A superior method of preventing scam calls is described by ECC Recommendation 23(03), in which the regulators of 46 European countries called for restrictions on inbound international calls that falsely present a domestic phone number. The inevitable adoption of this control across the whole of Europe undermined Ofcom’s original position on STIR/SHAKEN. Unlike the situation with the government and the regulator in the USA, Ofcom never needed to create a fantasy about consumer protection to provide the public with a justification for the UK’s transition to IP networks; that decision was reached independently. This meant Ofcom had very little reason to maintain the pretense constructed by Shockey when he advised Ofcom that STIR/SHAKEN is essential for consumer protection. ECC Recommendation 23(03) has since destroyed any hope of mandating STIR/SHAKEN worldwide because European telcos will stop the flow of spoofed calls from overseas long before their networks all use SIP signaling. The huge reduction in calls from foreign scam compounds means European regulators will have no need to indulge fantasies about the unproven long-term consumer protection benefits of submission to a single global CLI governance authority dominated by the USA that derives its power from the universal implementation of expensive technology sold by cynical US businessmen with a track record of constructing lucrative monopolies for themselves.
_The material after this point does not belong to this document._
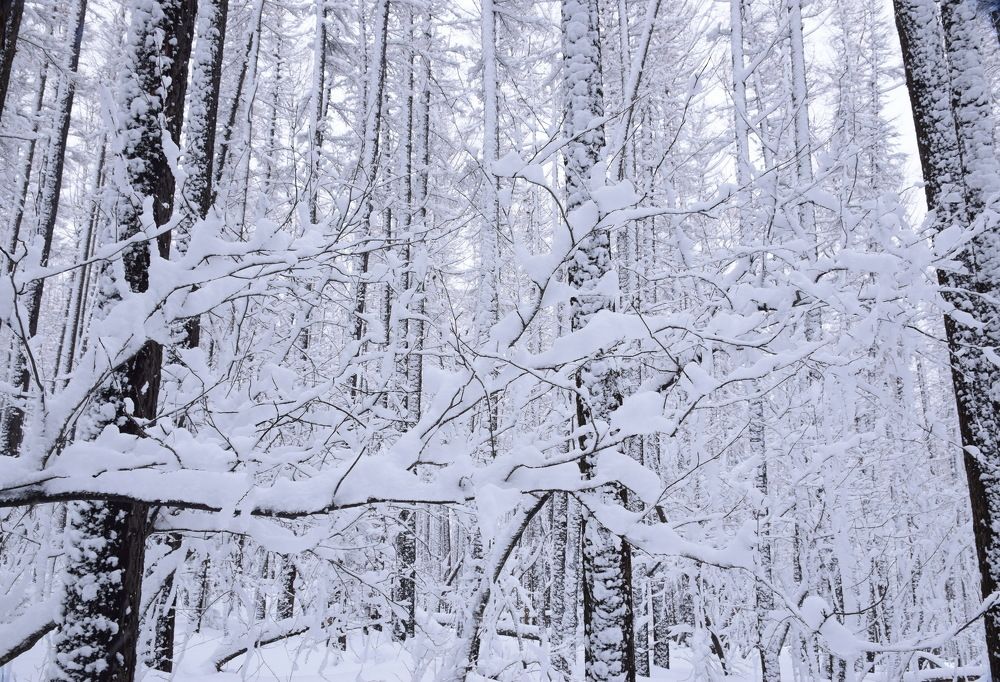 Зимнее волшебство.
My argument with Shockey and his ilk is that they are shamefully dishonest about their motives. They seek to hijack the goal of crime prevention, with the result that more people would suffer more crime whilst everybody is made to wait for technologies that cannot possibly deliver worthwhile results for many years. Shockey’s cohort has no genuine interest in fighting fraud. They want regulators to rig markets to increase sales of some kinds of network technologies, so some comms providers can then use those technologies to develop new telemarketing revenue streams. That is not good for free markets, it is not good for national cultures that hate US-style telemarketing, and it is not good for consumers who will end up paying higher bills to offset the increased expenditure by networks that cannot monetize STIR/SHAKEN. The deep flaws in the economics and practicality of SIP-based call validation means global STIR/SHAKEN is dead, and the only people mourning its demise are the profiteers who hoped to exploit it worldwide.